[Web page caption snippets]
******************************

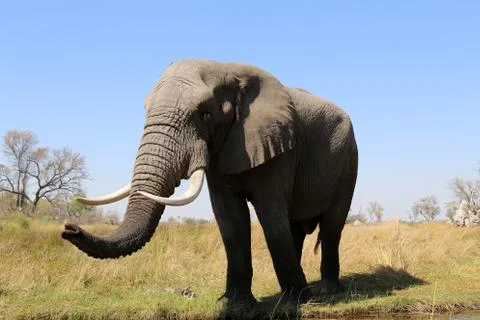Elephant in the open -Botswana Stock Photos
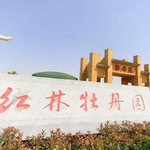 红林牡丹园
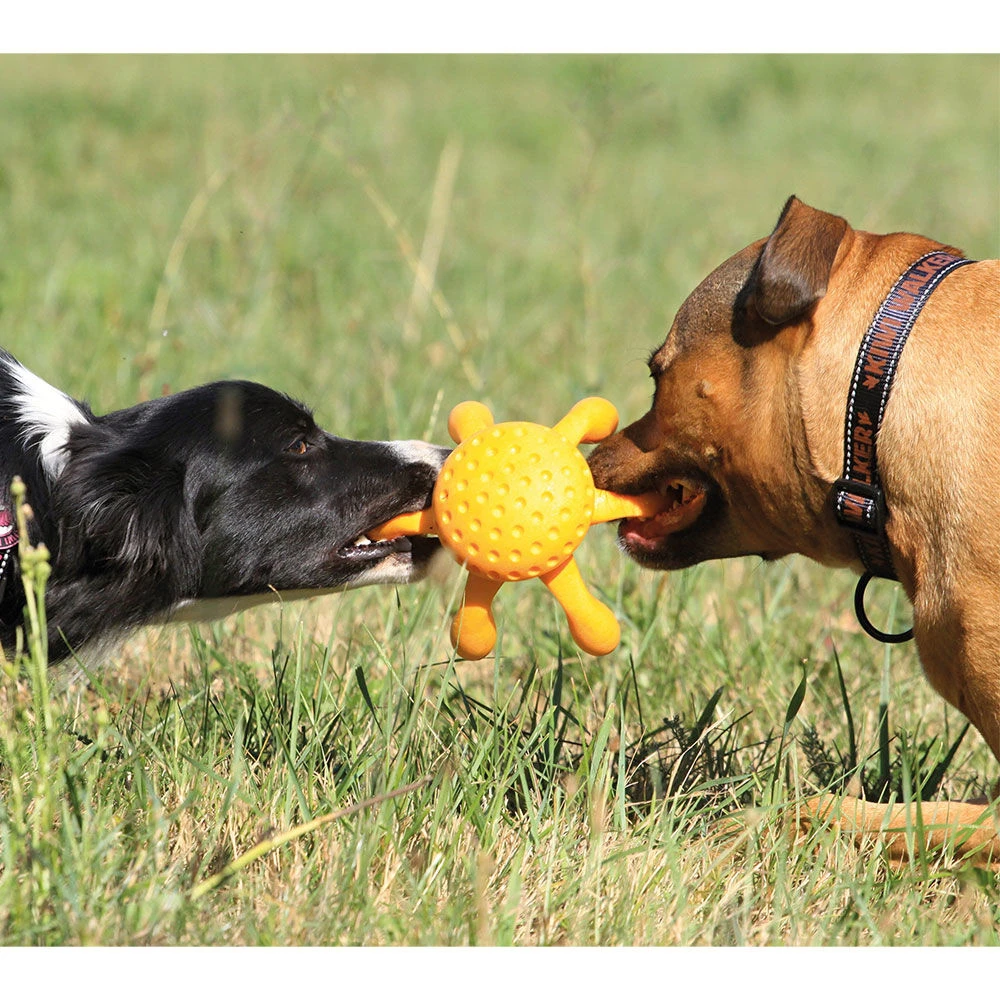 Kiwi Walker Octopus 3 Kiwi Walker Octopus - Afbeelding 3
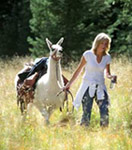 llama trekking in the Sangre de Cristo Mountains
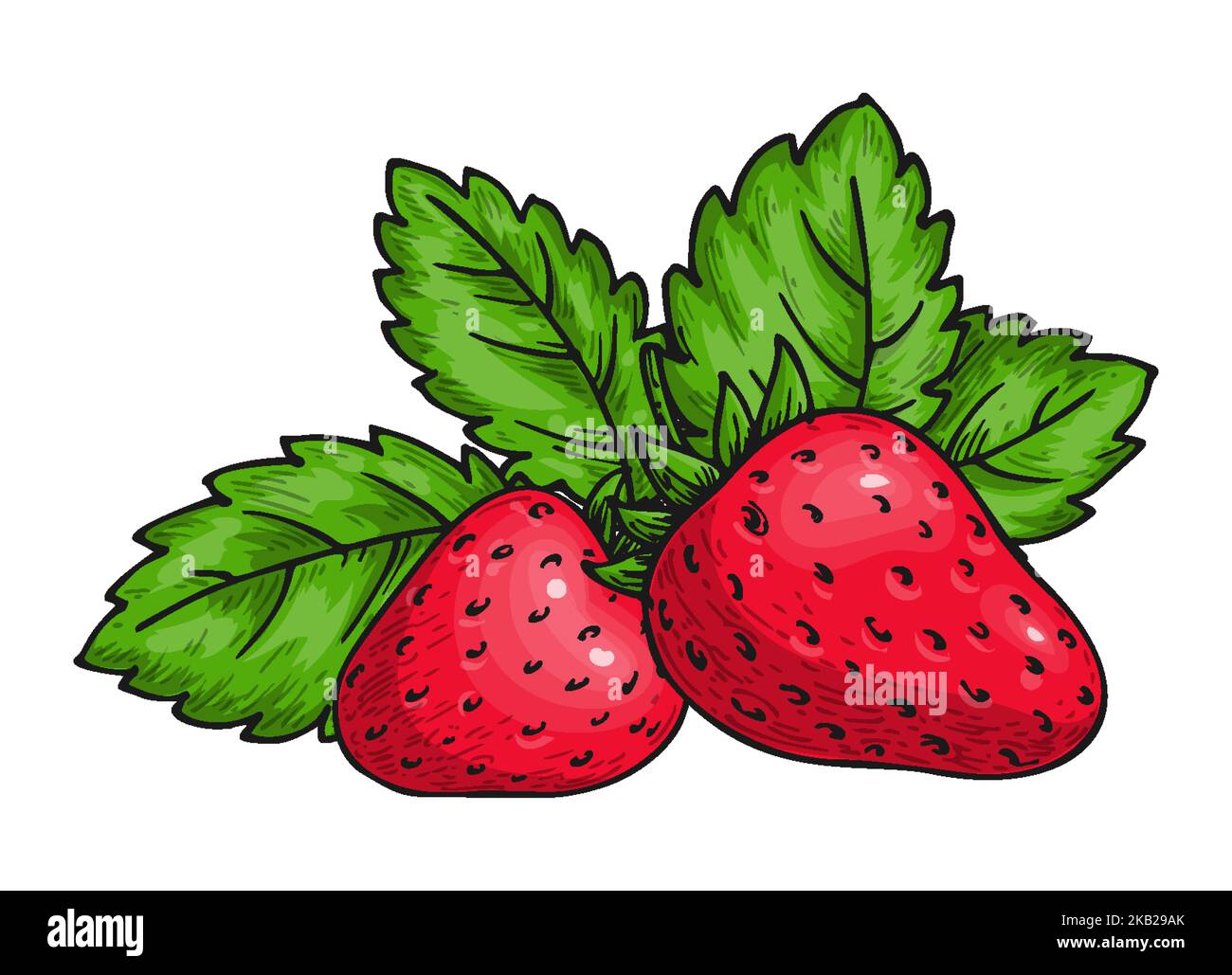Erdbeerstrauß von süßen roten Beeren. Ganze reife Waldbeere mit Blättern. Süßes frisches Obst. Saftige Erdbeeren handgezeichnete Skizze für Aufkleber, Saftwerbung Poster Print, Flyer, Embleme Stock Vektor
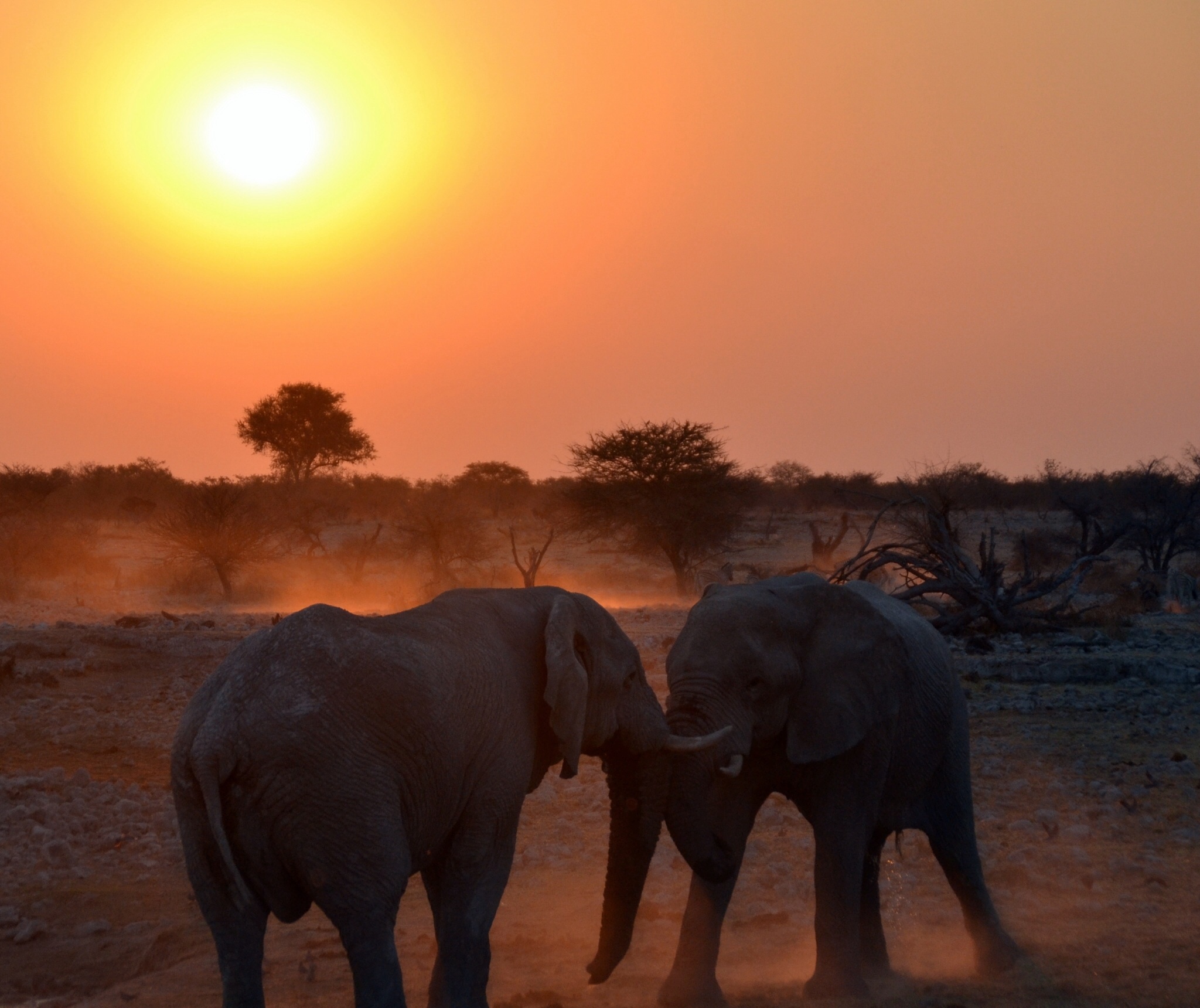 Elefanti al tramonto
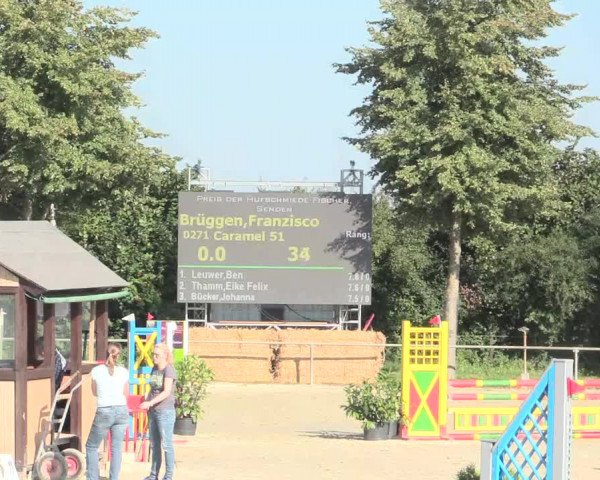 Reitturnier Appelhülsen 2016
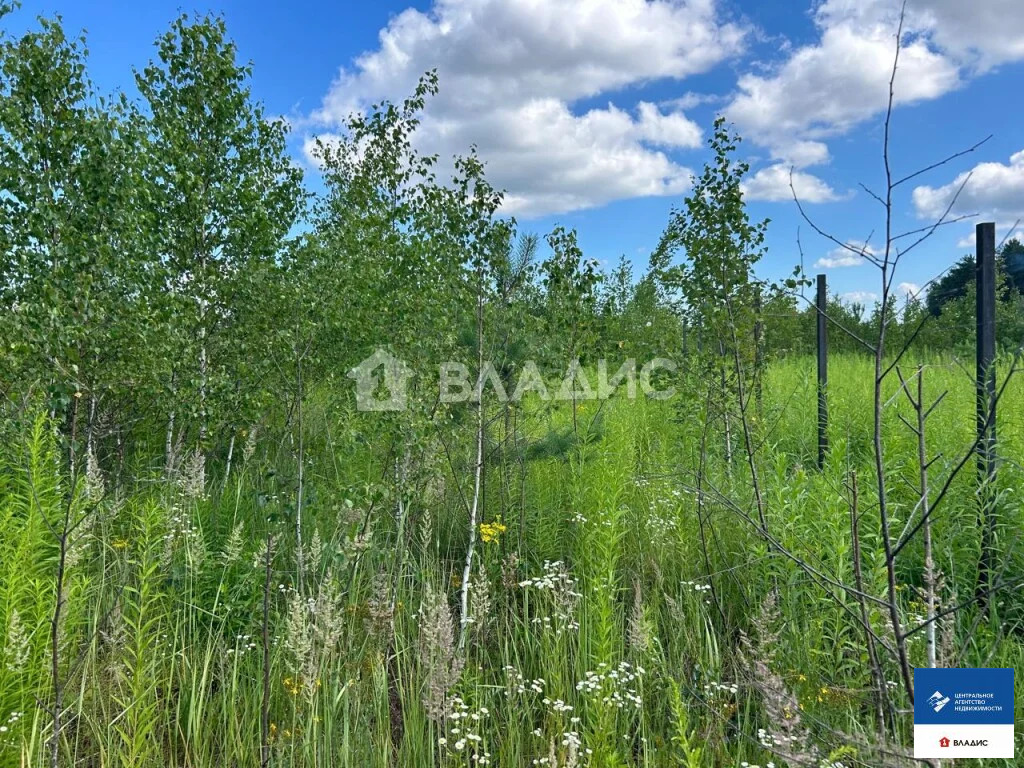 Продажа участка, Семкино, Рязанский район, коттеджный посёлок Сёмкина ... - Фото 2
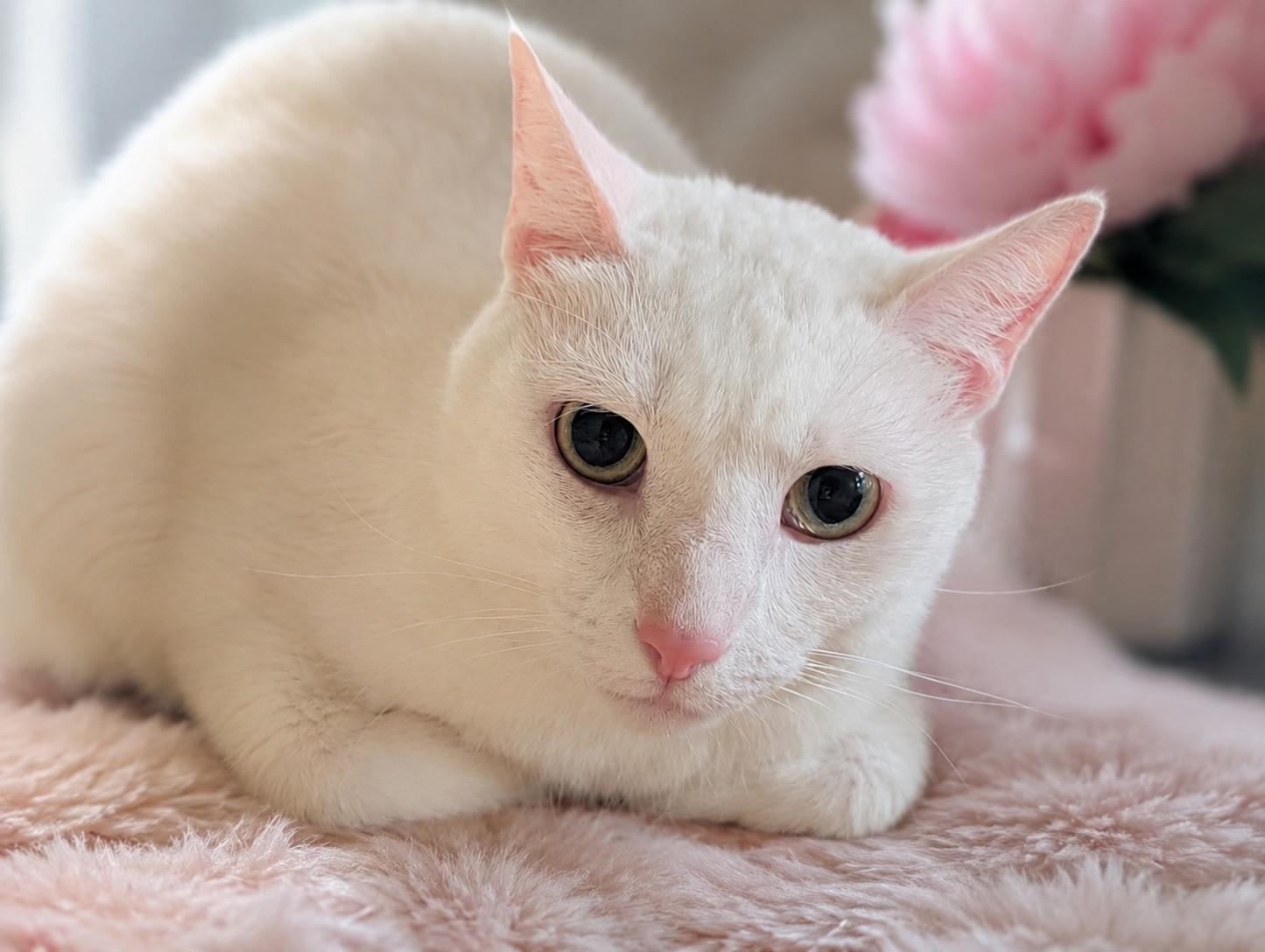 Jilly, adopted, Young Female Domestic Short Hair.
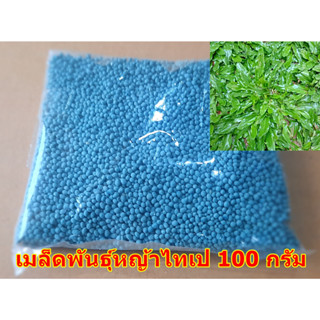 ขายส่ง 100 กรัม เมล็ดหญ้าไทเป หญ้ามาเลเซียแคระ Broadleaf Carpet Grass หญ้าสวนหย่อม สนามหญ้า หญ้า หญ้าปูสนาม พันธุ์หญ้า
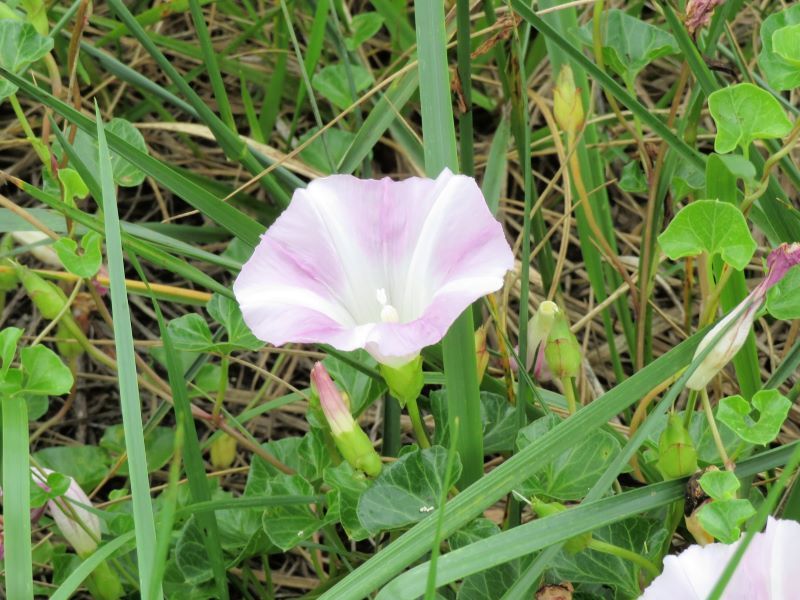 ハマヒルガオ 浜昼顔 山野草 植物めぐり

******************************

• WHAT IS EXPECTED: Word for word, print every record, and leave out any picture.

• RESPONSE TO THIS TASK:
Elephant in the open -Botswana Stock Photos
 红林牡丹园
 Kiwi Walker Octopus 3 Kiwi Walker Octopus - Afbeelding 3
 llama trekking in the Sangre de Cristo Mountains
Erdbeerstrauß von süßen roten Beeren. Ganze reife Waldbeere mit Blättern. Süßes frisches Obst. Saftige Erdbeeren handgezeichnete Skizze für Aufkleber, Saftwerbung Poster Print, Flyer, Embleme Stock Vektor
 Elefanti al tramonto
 Reitturnier Appelhülsen 2016
 Продажа участка, Семкино, Рязанский район, коттеджный посёлок Сёмкина ... - Фото 2
 Jilly, adopted, Young Female Domestic Short Hair.
 ขายส่ง 100 กรัม เมล็ดหญ้าไทเป หญ้ามาเลเซียแคระ Broadleaf Carpet Grass หญ้าสวนหย่อม สนามหญ้า หญ้า หญ้าปูสนาม พันธุ์หญ้า
 ハマヒルガオ 浜昼顔 山野草 植物めぐり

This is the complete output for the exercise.